[TASK STATEMENT] Where the line holding "thumbnail image 3" appears, start copying, and continue exactly through the last line of the listing, skipping pictures.
[Opening AVAILABLE RECORDS section]
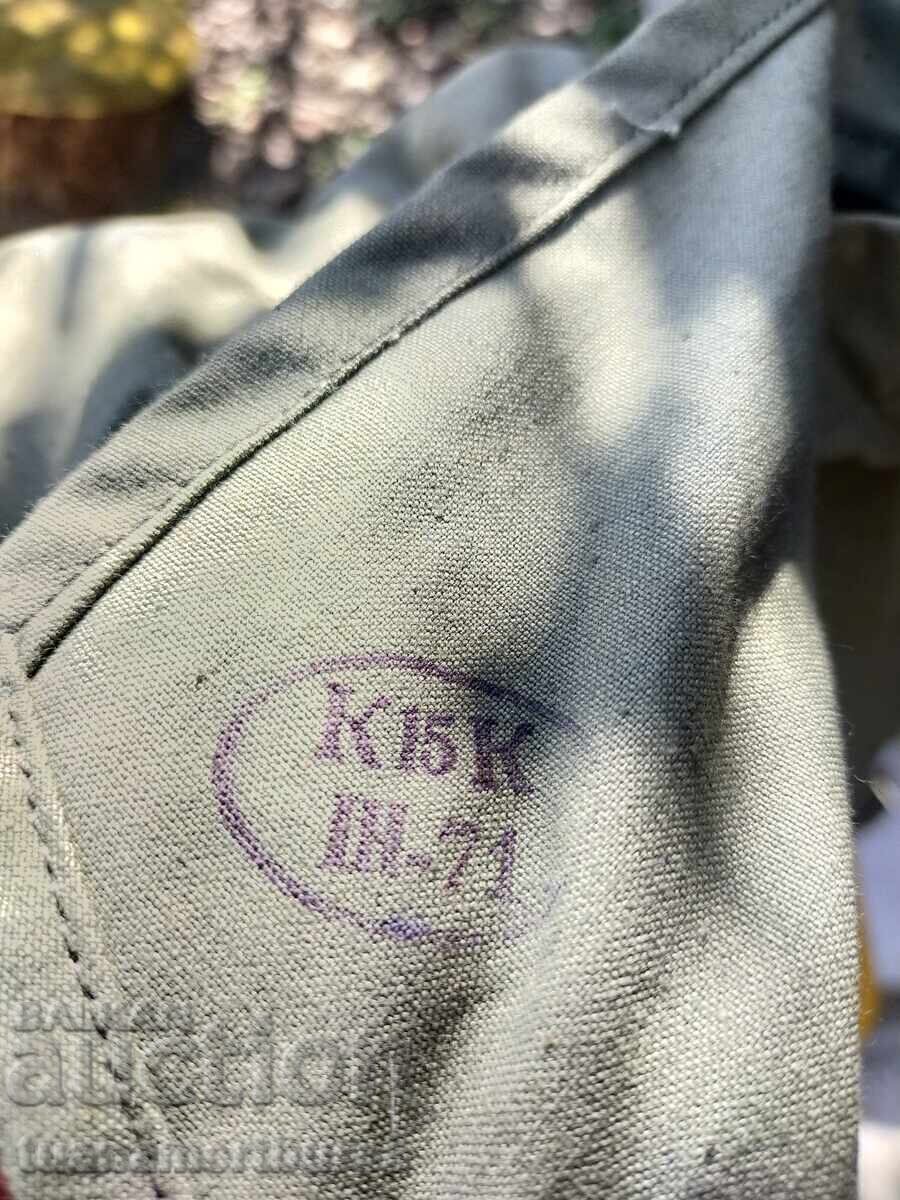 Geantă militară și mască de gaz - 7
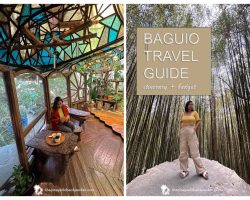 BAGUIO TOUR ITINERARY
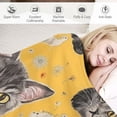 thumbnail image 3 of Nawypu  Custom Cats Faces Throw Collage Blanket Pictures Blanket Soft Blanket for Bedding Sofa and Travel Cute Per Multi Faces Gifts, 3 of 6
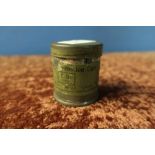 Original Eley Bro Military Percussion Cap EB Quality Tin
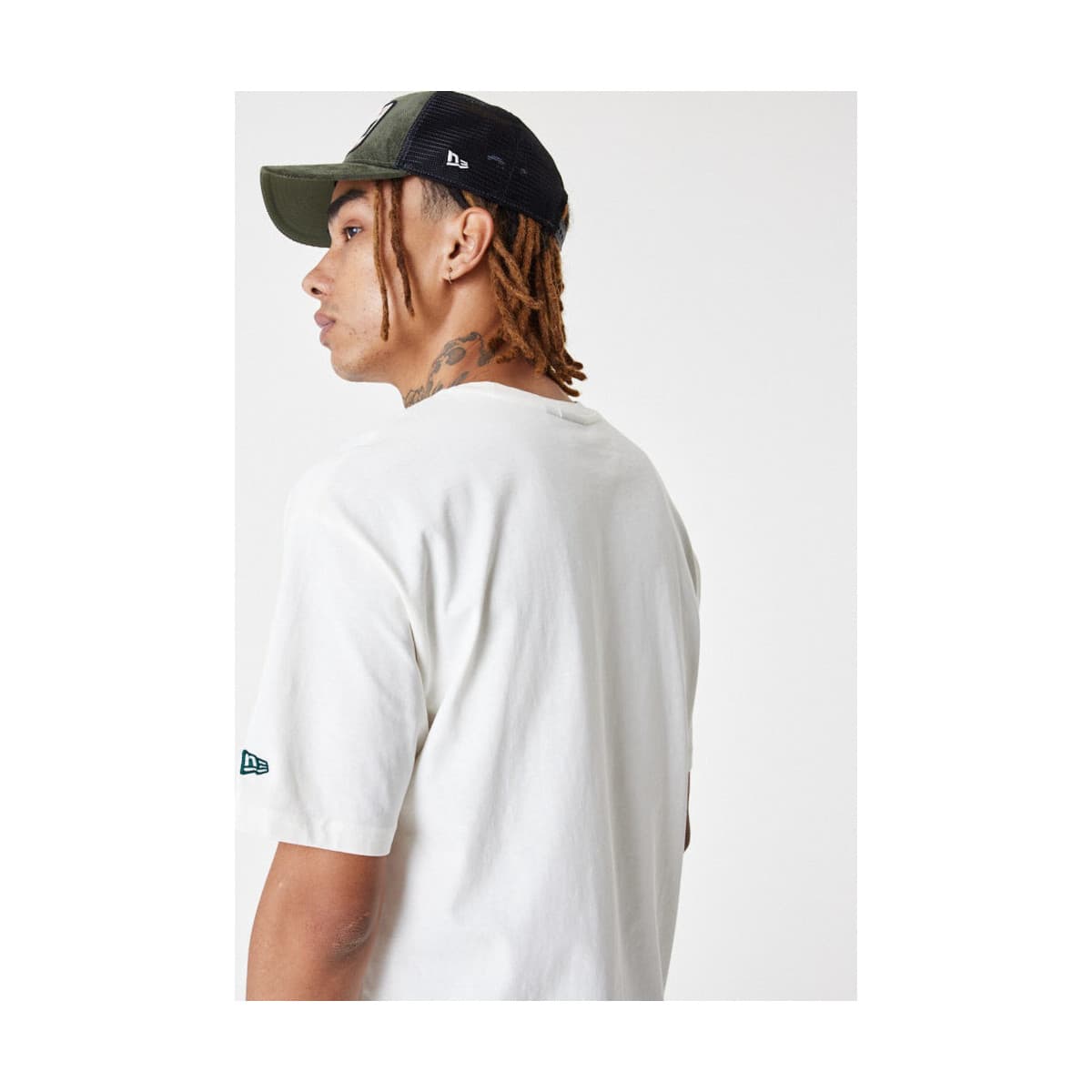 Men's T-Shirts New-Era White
[Closing AVAILABLE RECORDS section]
[RESULT OF THIS EXERCISE]
 thumbnail image 3 of Nawypu  Custom Cats Faces Throw Collage Blanket Pictures Blanket Soft Blanket for Bedding Sofa and Travel Cute Per Multi Faces Gifts, 3 of 6
 Original Eley Bro Military Percussion Cap EB Quality Tin
 Men's T-Shirts New-Era White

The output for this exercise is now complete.